Byron Hardmon

Current position
- Title: Outside linebackers coach
- Team: Florida
- Conference: SEC

Biographical details
- Born: January 7, 1981 (age 45) Jacksonville, Florida, U.S.

Playing career
- 1999–2002: Florida
- 2003: Miami Dolphins*
- 2003: Cologne Centurions
- 2004: Seattle Seahawks*
- 2005: Tampa Bay Buccaneers*
- 2006–2007: Hamburg Sea Devils
- Position: Linebacker

Coaching career (HC unless noted)
- 2008–2011: Illinois (GA)
- 2012: Charleston Southern (STC/OLB)
- 2013–2015: Idaho (DL)
- 2015–2024: Troy (DL)
- 2024–2025: Tulane (OLB/DRGC)
- 2026–present: Florida (OLB)

Accomplishments and honors

Championships
- SEC Championship (2000);

Awards
- Second-team All-SEC (2002);

= Byron Hardmon =

American football player and coach (born 1981)

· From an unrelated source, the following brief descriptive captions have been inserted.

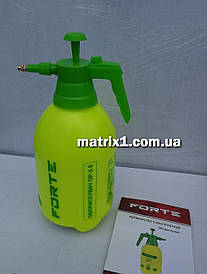 Обприскувач пневматичний 3,0 л, тиск 3 бари Forte ОР-3,0 Гарантія 12 місяців.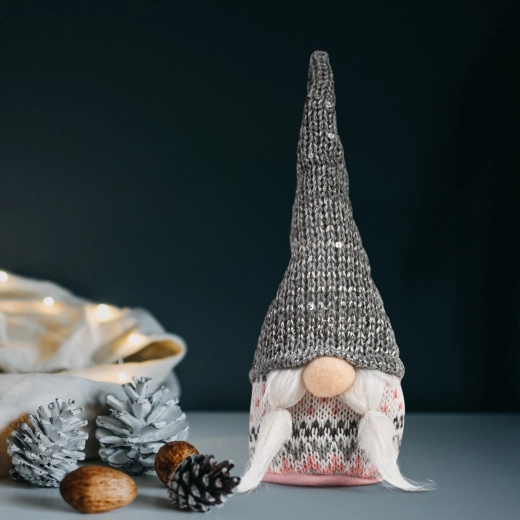Nain scandinave de Noël 22 cm – 1 pièce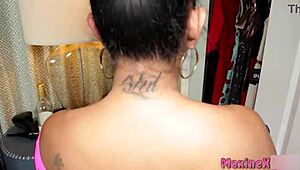 maxine x gets double dicked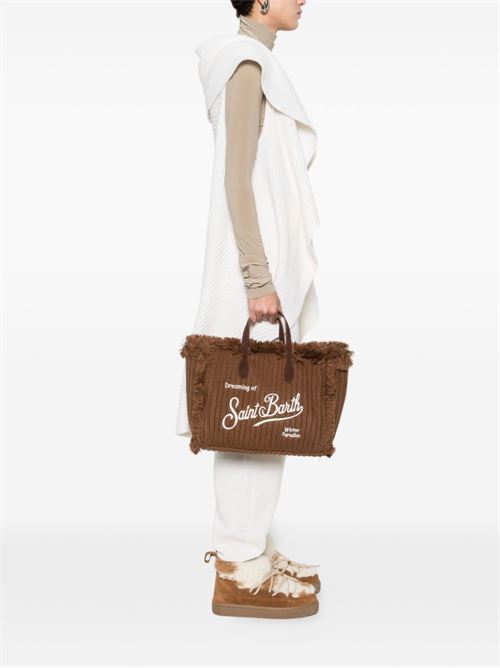 Borsa donna Colette wool MC2 SAINT BARTH | COL003901042I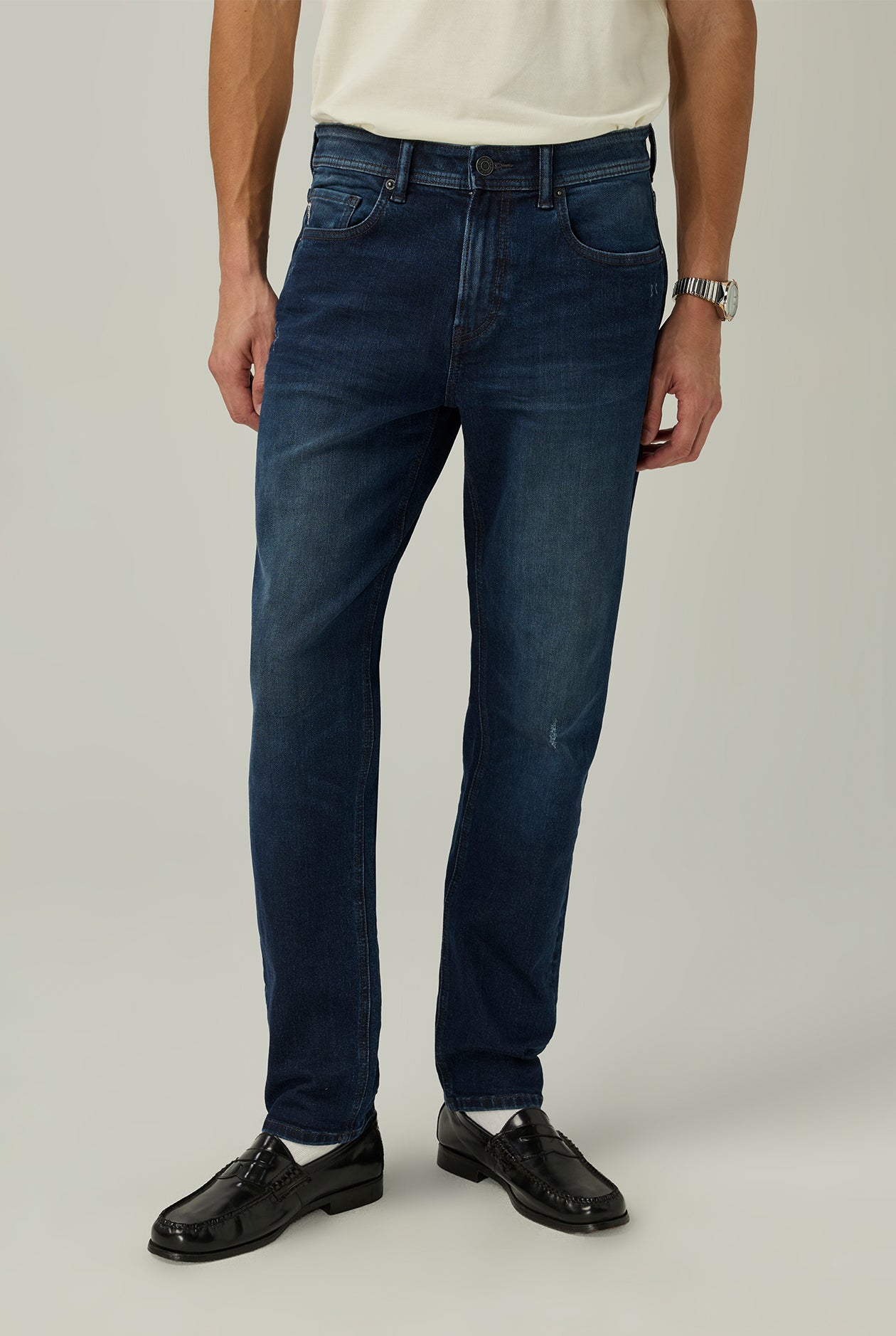 SLIM FIT DENIM PANTS - CC Double O Official Store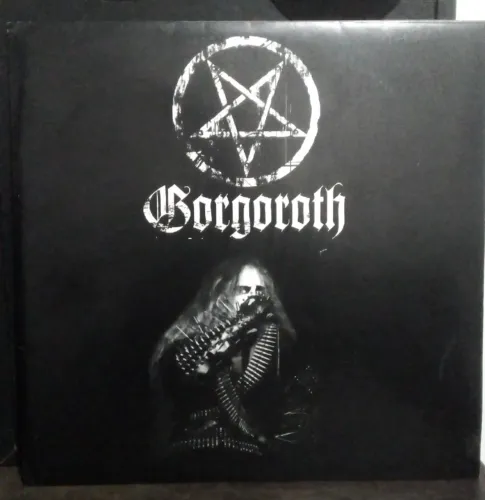 Gorgoroth - Gorgoroth (Demo & Promo & Live) LP 2007 Black Metal Emperor Mayhem Burzum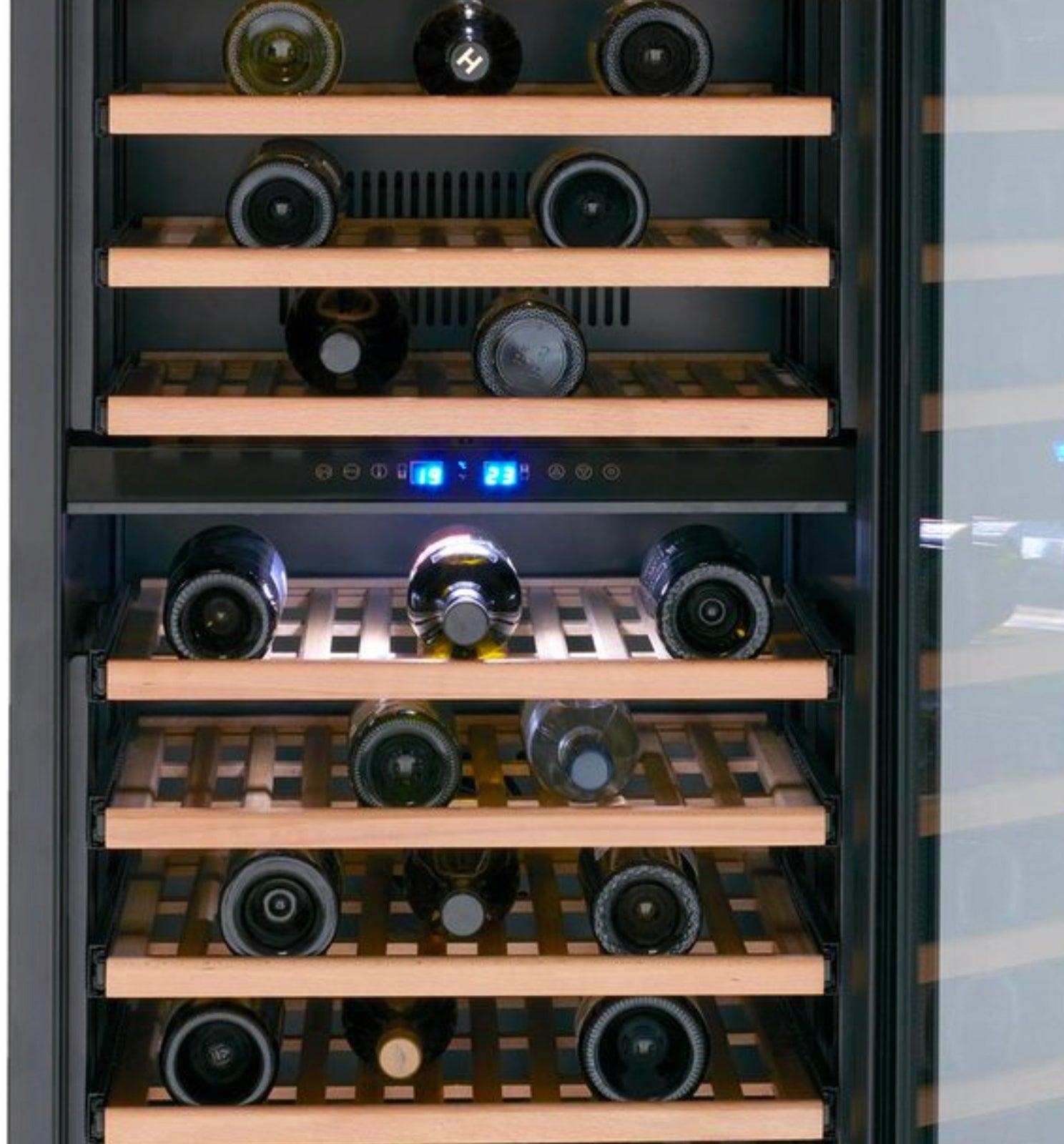 Avanti WCF154S3SD 24" Dual Zone Wine Chiller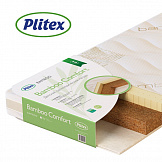 PLITEX Матрас в кроватку BAMBOO COMFORT (119х60х11см)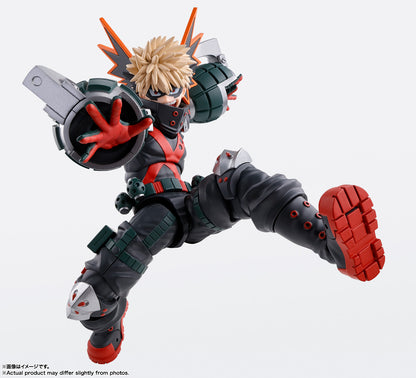 Tamashii Nations - S.H.Figuarts - My Hero Academia: KATSUKI BAKUGO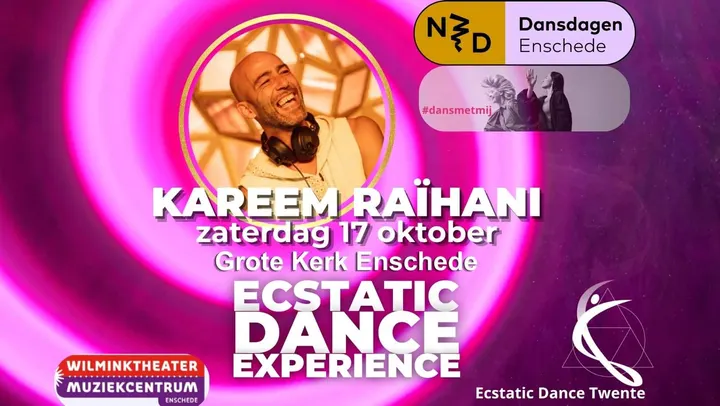 Ecstatic Dance Twente — dans-studio in Enschede — 6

Byron Bernard "Bam" Hardmon (born January 7, 1981) is an American college football coach and former professional football player. Hardmon played college football for the Florida Gators. He signed with the Miami Dolphins as an undrafted free agent, but spent his rookie season on injured reserve. Hardmon subsequently played professional football for the Hamburg Sea Devils in NFL Europa, and in NFL pre-season games with the Seattle Seahawks and Tampa Bay Buccaneers.

== Early years ==

Hardmon was born in Jacksonville, Florida, in 1981. Hardmon earned the nickname "Bam Bam" in his youth and it was later shortened to "Bam". He attended Edward H. White High School in Jacksonville, and played high school football for the Ed White Commanders. Hardmon was an all-state and prep All-American who was selected to play in the Georgia-Florida High School All-Star Game at the Georgia Dome in June 1999.

== College career ==

Hardmon received an athletic scholarship to attend the University of Florida in Gainesville, Florida, where he played for coach Steve Spurrier and coach Ron Zook's Gators teams from 1999 to 2002. He was a mainstay of the Gators' defense from 2000 to 2002, appearing in 12 games for the 2000 team that was ranked No. 10 in the final AP poll, 11 games for the 2001 team that was ranked No. 3 in the final AP poll, and 13 games for the 2002 that was ranked No. 24 in the final Coaches Poll. Prior to his senior year, the South Florida Sun-Sentinel wrote that Hardmon and fellow senior Mike Nattiel "appear to have the talent, the experience and – finally – the maturity to lead Florida's defense." Hardmon established himself as a team captain on defense in 2002, as he led the team with 169 tackles and also had two forced fumbles and an interception. At the end of the 2002 season, the USA Today described Hardmon and Nattiel as the anchors of the Gators defense. Following his senior season, he received the Gators' Fergie Ferguson Award, recognizing the "senior football player who displays outstanding leadership, character and courage."

== Professional career ==

He was signed by the Miami Dolphins in April 2003, but he spent his rookie season on "injured reserve" status. In the spring of 2004, Hardmon signed with the Hamburg Sea Devils in the NFL Europa. After playing well in his first season of professional football with Hamburg, he was signed by the Seattle Seahawks in June 2004. Hardmon was released by the Seahawks on September 6, 2004. In 2005, Hardmon signed with the Tampa Bay Buccaneers. In 2007, Hardmon was one of the leaders of the Hamburg team that defeated the Frankfurt Galaxy 37–28 in the World Bowl. He was also named Defensive Player of the Week in Week 5 of the 2007 NFL Europa season, after he led Hamburg to a victory over the Amsterdam Admirals with a 34-yard interception return for a touchdown, four tackles, a sack, a quarterback hurry and two pass defenses.